Edinburgh restaurant Maison Bleue has been given a six-figure overhaul inspired by its North African roots.

Graeme Murray reports

The French-North African influence is immediately apparent as soon as you walk through the brightly-coloured entrance of Maison Bleue.

The laid-back atmosphere of the Edinburgh restaurant transports you to a different continent, seemingly leaving Auld Reekie far behind.

Maison Bleue 1

Owned by Algerian Scot Dean Gassabi and managed by his daughter Layla, the restaurant has been in operation since 1998 offering an eclectic mixture of French, North African and Scottish dishes.

Now the interior behind the distinctive blue-fronted façade on cobbled Victoria Street has been given a six-figure makeover which embraces the restaurant’s North African roots.

The self-financed refurbishment meant the restaurant had to close for a month while work was completed.

“It had been planned for a while,” said Layla. “But it was just about finding the right time when we could close the restaurant for a month.

“My dad spends quite a lot of time in Marrakesh and had all these ideas about brightening the place up and bringing in some North African influence, so that’s where the inspiration came from.”

Dean’s initial ideas for the restaurant were all brought together by Edinburgh interior decorator Grant Rough, of Rough Design, who created a mood board of colours, textures and materials to use in the refurb.

Maison Bleue 2During the refurbishment, which was carried out by contractor SBS, the centuries-old building was stripped back to its original stonework.

Maison Bleue’s Marrakesh-inspired colour palette has been complemented by distressed woodwork, sanded floors and traditional North African tiling.

On the split-level ground floor the original stone walls are exposed, which give way to grey and turquoise walls and Moroccan bleu majorelle wood panelling.

Antique seating and turquoise velour couches give a shabby chic feel to the venue, while mismatched furniture, vintage crockery and an array of North African trinkets add to the relaxed atmosphere of the ground floor eating area.

A spiral staircase leads to the second floor and one of the restaurant’s recurring themes, a red neon sign, is reflected in a giant mirror on the sanded wooden staircase.

The second floor has a similarly relaxed feel with hi-tech mood lights and vintage-style Edison bird cage lights reflected in elegant Victorian mirrors.

Like the ground floor, it also has two levels and turquoise velour couches give way to lime green velour and mismatched vintage furniture on the lower level.

Climbing further up the staircase, a third floor accommodates the kitchen and the toilets, which are highlighted by red neon lights and Victorian mirrors.

“A lot of regular customers have come back and said ‘you have kept the chilled out atmosphere and the ambience of the place’,” said Layla.

“But we’ve also attracted a new clientele and made it more accessible to younger customers.

“My job was mainly to go and source the seating and all the chairs.
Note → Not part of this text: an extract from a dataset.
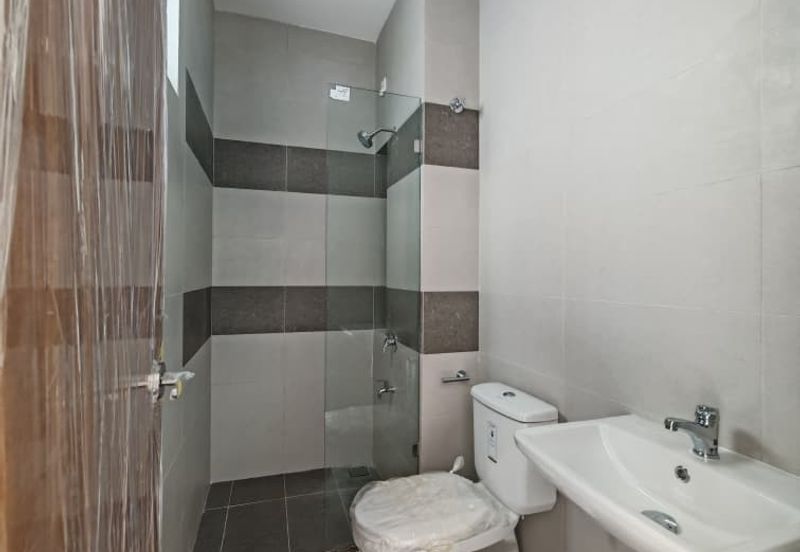 Honeydale Residence @ Taman Impian Emas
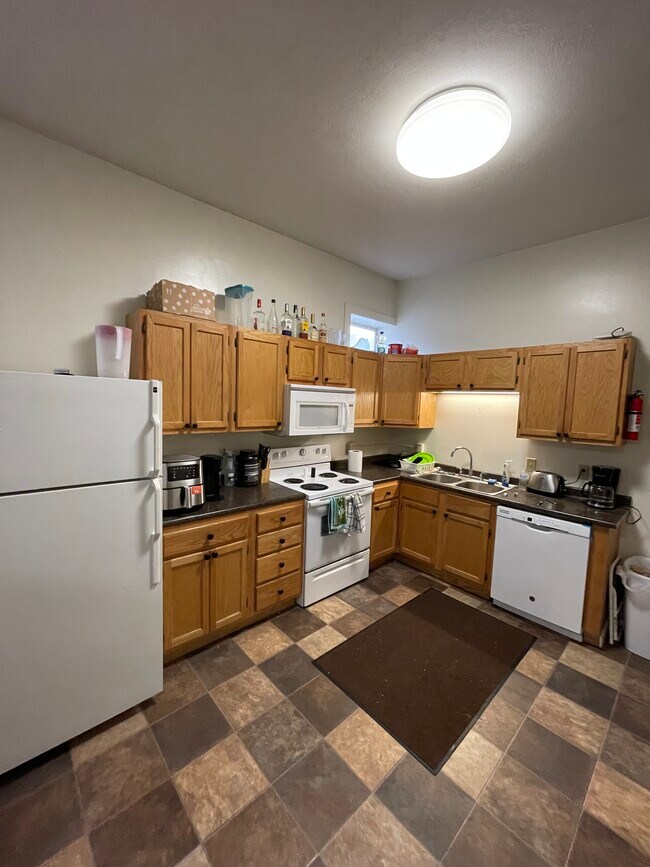 Foto del edificio - 768 Willey St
It makes life a bit easier when the chairs and crockery are all mismatched because they don’t go out of date.”

Dean, who has plans to open more outlets in and outside Edinburgh, was previously involved in the construction trade and knew what to expect from the refurbishment.
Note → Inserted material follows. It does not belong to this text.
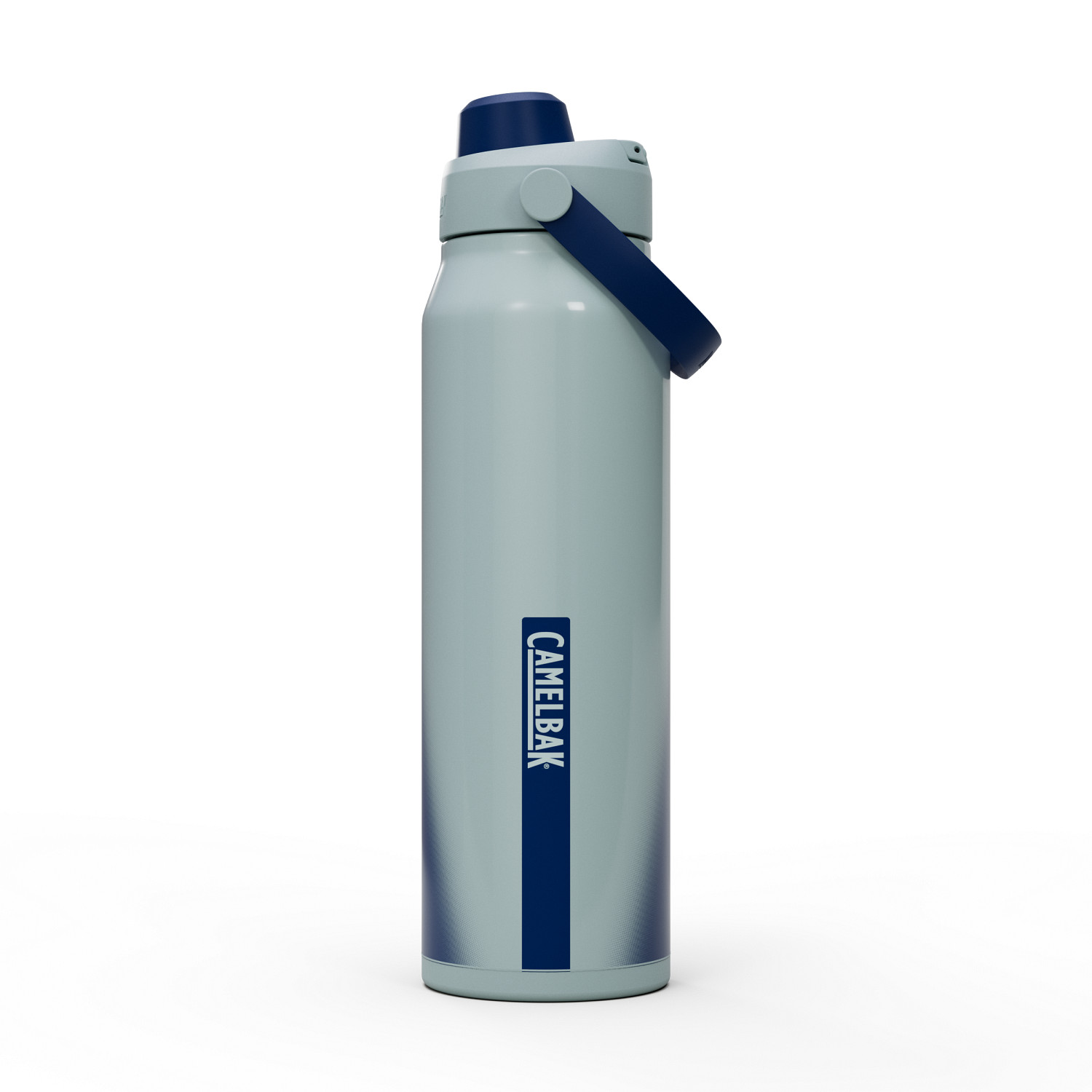 Image of Thrive™ Chug 32oz Bottle, Insulated Stainless Steel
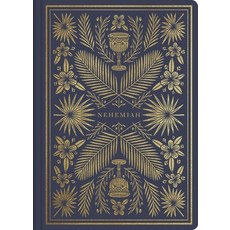 (영문도서)ESV Illuminated Scripture Journal: Nehemiah Paperback, Crossway, English, 9781433569210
He still cooks in the kitchen with his team of chefs and develops menus which are inspired by his North African heritage rather than following the latest food trends.

The changes, he said, were necessary because restaurants regularly need to update and evolve.

He also said it was important to keep customers interested without alienating long-term diners.

“I believe you have to give something back to the customer,” said Dean.

“The bottom line is the customers and if they don’t come back I don’t have a bottom line.”

The restaurant is said to have a regular clientele, which keeps returning for its Bedouin feasts, haggis balls, calamari and frog’s legs dishes.

The bulk of the produce is supplied by Campbells Prime Meats, while its mussels are sourced from Shetland by supplier Charlie McGhee and dried goods are from Edinburgh-based Mark Murphy & Partner.

On the wet side of the operation the restaurant has two main wine suppliers, Matthew Clark and L’Art du Vin, which between them provide a selection of Champagne, red, white and sparkling wines to match the eclectic menu.

In total the restaurant employs 30 staff with 12 people working in the kitchen as chefs and kitchen porters and the remainder working alongside Layla front of house.

“It’s a lot more satisfying having your own business and working for yourself,” said Layla. “You can go out there and work for other people or make your own fortunes.

“A lot of our staff have been here for a long time and maybe go away travelling, but they keep coming back and asking for their old job back.”